К стойке подходили все новые гости, жадно вслушивались, желая во всех подробностях знать о чужом горе.

- Все придворные разбежались, все слуги, - жаловался Луиджи. - Только мы с Руджеро не покинули несчастного господина. Все на наших плечах: и дом, и больной… целый-то день в заботах… вот, нынче новых слуг наняли. Может, полегче станет.

- Ай-яй-яй, - вторил синьор Горголло, - времена нынче худые, неспокойные, всюду беда. А слыхали, в городе убийца завелся: то ли разбойник, то ли зверь дикий…

- Нечисть! - припечатывая монету к стойке, твердо произнес худощавый монах в истрепанной, подпоясанной вервием рясе. - Наказание за грехи!

- Так оно и есть, фра Томмазо, так и есть, - поддакнул хозяин, почтительно подвигая монаху большую кружку, доверху налитую вином. - Эй, трава придорожная! - окликнул он блудниц, - Зверь вам, случаем, не встречался? Не страшно промышлять-то?

- Если встретится, мы тебе уж ничего не расскажем, - пьяненько захихикала хорошенькая девушка, совсем еще юная.

- Молчи, Джина, дурная ты девка! - одернула ее полная женщина с бледным, увядающим лицом. - Не приманивай беду… А вам стыдно смеяться, синьор Горголло. Вчера зверь убил Носатую Розину. Истерзал бедняжку так, что взглянуть страшно было. А ведь у нее трое голодных ртов осталось…
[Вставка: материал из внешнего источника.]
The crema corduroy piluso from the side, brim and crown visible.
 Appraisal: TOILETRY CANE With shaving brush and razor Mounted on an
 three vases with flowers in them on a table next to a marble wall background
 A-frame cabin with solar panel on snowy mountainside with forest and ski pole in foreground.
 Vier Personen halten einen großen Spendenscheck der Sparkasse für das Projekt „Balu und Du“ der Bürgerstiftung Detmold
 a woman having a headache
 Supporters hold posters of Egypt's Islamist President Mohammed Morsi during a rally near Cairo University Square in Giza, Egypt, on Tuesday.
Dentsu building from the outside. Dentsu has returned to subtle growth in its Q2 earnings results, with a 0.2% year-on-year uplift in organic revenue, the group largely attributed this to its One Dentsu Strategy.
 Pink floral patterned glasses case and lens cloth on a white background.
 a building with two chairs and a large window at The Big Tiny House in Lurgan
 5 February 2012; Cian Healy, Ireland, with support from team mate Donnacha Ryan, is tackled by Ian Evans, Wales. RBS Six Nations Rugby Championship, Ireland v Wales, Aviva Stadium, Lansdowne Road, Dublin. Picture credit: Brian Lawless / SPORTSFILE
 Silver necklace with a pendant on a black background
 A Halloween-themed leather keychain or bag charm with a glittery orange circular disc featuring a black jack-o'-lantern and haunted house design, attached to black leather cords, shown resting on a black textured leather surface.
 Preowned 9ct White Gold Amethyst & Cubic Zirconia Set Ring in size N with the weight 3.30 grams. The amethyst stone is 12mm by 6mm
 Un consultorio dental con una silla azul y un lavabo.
- Врата похоти, - икнул монах, - семя Вавилонской блудницы. Это за ваши грехи платит Милан…

Захмелев, фра Томмазо разошелся и принялся клеймить погрязших в грехах миланцев. Луиджи, поджав губы, согласно кивал в такт его словам.

- А что достойнейшая мадонна Анджелика? - улучив момент, когда монах, утомившись, припал к кружке, спросил кто-то из гостей. - Как она переносит свое раннее вдовство?

- Заперлась в доме вместе с детьми. Молится, мужа оплакивает, даже в сад не выходит. Уж боимся, как бы и она не слегла, - погрустнел Луиджи.

- Времена, времена… - шептал растроганный синьор Горголло…

В храм Сан-Милан к вечерней мессе стекались горожане. Шли медленно, останавливаясь, чтобы поздороваться с соседями, переговаривались, делились новостями.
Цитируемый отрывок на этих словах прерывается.